The authors compared their approach with PC-SubQ [sgouritsa2024prompting], noting differences in modular design, quantitative performance, and focus on reasoning models. Their modular pipeline achieves an F1 score of 83.83% on CORR2CAUSE with OpenAI o3-mini, a nearly 18% improvement over the baseline reasoning model. In contrast, PC-SubQ reports substantially lower F1 scores.

Qualitative and Quantitative Analysis

A qualitative and quantitative failure analysis contrasts the performance of conventional models (LLaMA3.3-70B) and reasoning models (DeepSeek-R1-70B). (Figure 3) (left) compares the average number of independence tests of pair of variables that common models classify correctly versus those it misclassifies. (Figure 3) (right) shows the average error of the conventional model on instances where the reasoning model revisits $k$ times in its reasoning trace. The reasoning model performs iterative self-checks, revisits each edge during reasoning trace micro-steps, and refines decisions in real time, underlying its qualitative advantage.

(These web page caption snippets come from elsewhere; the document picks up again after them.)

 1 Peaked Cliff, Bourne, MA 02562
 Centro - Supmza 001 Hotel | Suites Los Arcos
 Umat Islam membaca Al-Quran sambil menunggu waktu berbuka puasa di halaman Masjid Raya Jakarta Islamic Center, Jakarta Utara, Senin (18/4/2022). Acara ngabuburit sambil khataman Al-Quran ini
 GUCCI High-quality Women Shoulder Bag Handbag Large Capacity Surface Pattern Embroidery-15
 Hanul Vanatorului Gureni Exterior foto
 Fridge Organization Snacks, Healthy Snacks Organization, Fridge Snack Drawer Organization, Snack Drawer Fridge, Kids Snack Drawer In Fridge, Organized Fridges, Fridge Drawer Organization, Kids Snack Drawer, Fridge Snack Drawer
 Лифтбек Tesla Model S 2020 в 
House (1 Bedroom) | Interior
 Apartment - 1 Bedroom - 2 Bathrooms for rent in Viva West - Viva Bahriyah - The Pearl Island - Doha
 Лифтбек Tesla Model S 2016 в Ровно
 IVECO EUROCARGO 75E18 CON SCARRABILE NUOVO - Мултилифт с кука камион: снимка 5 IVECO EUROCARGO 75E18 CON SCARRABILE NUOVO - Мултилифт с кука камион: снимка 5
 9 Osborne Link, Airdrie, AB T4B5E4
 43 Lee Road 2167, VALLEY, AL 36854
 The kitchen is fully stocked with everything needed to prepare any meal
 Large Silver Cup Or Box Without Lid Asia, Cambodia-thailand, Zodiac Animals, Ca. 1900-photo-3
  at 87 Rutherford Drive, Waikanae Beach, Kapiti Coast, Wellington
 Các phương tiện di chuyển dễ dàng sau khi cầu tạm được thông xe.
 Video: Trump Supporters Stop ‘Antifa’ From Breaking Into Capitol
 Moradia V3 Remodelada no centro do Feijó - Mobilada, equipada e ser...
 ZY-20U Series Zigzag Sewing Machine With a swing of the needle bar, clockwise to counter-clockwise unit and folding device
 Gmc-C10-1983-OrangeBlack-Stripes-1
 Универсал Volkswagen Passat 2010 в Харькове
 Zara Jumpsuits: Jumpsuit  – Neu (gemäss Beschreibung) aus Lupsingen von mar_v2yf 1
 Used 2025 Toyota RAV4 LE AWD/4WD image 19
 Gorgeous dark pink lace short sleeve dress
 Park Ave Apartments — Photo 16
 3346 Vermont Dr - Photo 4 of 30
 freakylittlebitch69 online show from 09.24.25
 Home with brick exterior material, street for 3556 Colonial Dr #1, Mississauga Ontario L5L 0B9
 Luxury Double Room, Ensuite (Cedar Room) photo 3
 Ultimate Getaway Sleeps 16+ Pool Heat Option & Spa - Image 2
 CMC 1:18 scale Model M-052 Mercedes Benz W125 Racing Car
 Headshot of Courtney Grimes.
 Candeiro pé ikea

Figure 3: (Left) Boxplot of conditional independence sets metrics. (Right) Bars showing the fraction of edges misclassified by the common model among those the reasoning model revisited $k$ times.

Implications and Future Directions

The modular in-context pipeline offers a blueprint for causal discovery, leveraging the strengths of modern reasoning models. The gains are attributed to the decomposition of the PC algorithm into separate stages, the production of rich intermediate artifacts, and the amplification of the model's native iterative enrichment of its reasoning traces. However, this comes at the cost of increased computation, as multiple sequential model requests and longer reasoning traces substantially raise token usage. Future work may focus on assessing robustness and effectiveness on other datasets.

Conclusion

The paper demonstrates that state-of-the-art reasoning models can surpass prior causal-discovery results on the Corr2Cause benchmark in zero-shot settings. The modular in-context pipeline achieves significant F1 improvements without fine-tuning, emphasizing the importance of structured reasoning processes in causal inference. While computational costs are a consideration, the framework provides a valuable approach for enhancing causal discovery through carefully designed prompt engineering and stage decomposition.